Vôlei feminino brasileiro: Elisângela fala sobre reformulação da seleção, Bernardinho, Zé Roberto e futuro da seleção.
Seleção vive fase de mudança, mesclando jovens promessas e jogadoras experientes para manter o Brasil no topo.
Por: João Pedro Marins
O vôlei feminino brasileiro atravessa mais uma fase de renovação. Após quase duas décadas de conquistas históricas, a seleção busca se reconstruir, apostando em jovens talentos sem abrir mão da experiência de nomes consagrados. Essa transição foi visível na convocação para a Copa do Mundo de vôlei feminino que ocorre na Tailândia.
Uma reformulação semelhante ocorreu no final dos anos 90 e início dos anos 2000, com a chegada do Bernardinho e a troca por Zé Roberto Guimarães.
Crédito: Fotos/ Pedro Ugarte

Elisângela comemorando vitória
Elisângela Oliveira, ex-oposta da seleção brasileira, viveu de perto o período de transição entre Bernardinho e Zé Roberto Guimarães. Medalhista olímpica em Sydney 2000, ela relembra como cada treinador marcou sua carreira, analisa o atual momento da equipe e relembra a reformulação dos anos 90 e 2000
“Eu acho que a mudança no voleibol começou na Olimpíada de Atlanta, em 96, com a chegada do Bernardinho. A seleção começou a subir no pódio, revelou grandes jogadoras e o feminino passou a ficar mais em evidência, até maior do que o masculino, que tinha sido campeão em 92. Além disso, naquela época havia uma rivalidade enorme com Cuba, algo que até hoje não se repetiu”, recorda à AJ.
A ex-jogadora também lembra á AJ da emoção de conquistar uma medalha olímpica. “Assistir a Barcelona 92 me motivou a querer jogar uma Olimpíada. Eu queria ganhar. Não consegui o ouro, mas conquistei uma medalha. Quando você volta ao Brasil e vê as pessoas vibrando com você, entende a dimensão do que conquistou. Até hoje, quando me apresento em projetos, digo: eu sou medalhista olímpica. Estar numa Olimpíada é o ápice, o momento mágico de qualquer atleta.”
Sobre as diferenças entre Bernardinho e Zé Roberto, ela resume á AJ: “São pessoas muito diferentes, mas dois vitoriosos, dois dos maiores treinadores do mundo. Trabalhar com eles foi prazeroso, cada um acrescentou algo na minha vida. Tenho lembranças muito boas e sou grata a Deus por ter jogado duas Olimpíadas com esses dois feras.”

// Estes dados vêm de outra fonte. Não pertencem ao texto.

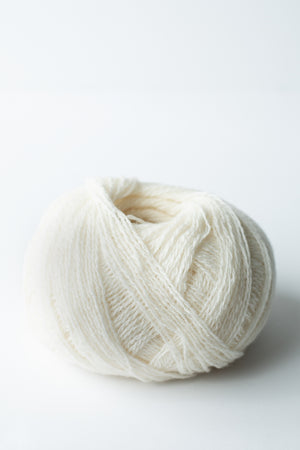 Geilsk Tynd Uld wool 06 ecru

Atenta ao momento atual da seleção, Elisângela avalia que o ciclo olímpico é um dos mais desafiadores. “Hoje a equipe está mais enxuta, sentimos a falta de jogadoras de referência como a Ana Cristina. Antigamente a gente tinha três, quatro ponteiras no nível. Então hoje a Ana Cristina saindo, não que não tenha outras jogadoras, há mas do nível dela eu acho que ainda não temos. Tem as outras jogadoras que são mais de composição, mais de passe, mais atacar, bloquear, a altura dela, a experiência, né? Que apesar de nova, já estava jogando há bastante tempo fora. Hoje nossa seleção está muito mais enxuta. A maior liderança é a Gabi, mas precisamos de mais nomes de peso, especialmente na posição de oposta”.
A ex-jogadora também alertou á AJ sobre a necessidade urgente de o Brasil rever o processo formador das jogadoras. “O Brasil deixou de investir na base, e isso reflete nos resultados. É urgente olhar para projetos sociais e formação.”
Créditos: Fotos/ Vôlei BC

Elisangela Oliveira nos dias atuais.
Fora das quadras, ela segue envolvida com o vôlei. “Me dediquei mais de 20 anos ao esporte e hoje trabalho em projetos sociais. Atendo a 300 crianças em Itajaí e estou montando outro em Londrina, minha terra natal. A mensagem que deixo para as jovens é treinar, se dedicar, cuidar da alimentação e do sono. O tempo passa rápido, então aproveitem cada minuto, cada campeonato, porque passa voando”, disse a ex-jogadora à AJ.
A seleção está em busca do ouro inédito da copa do mundo e está no rumo das olimpíadas de Los Angeles 2028.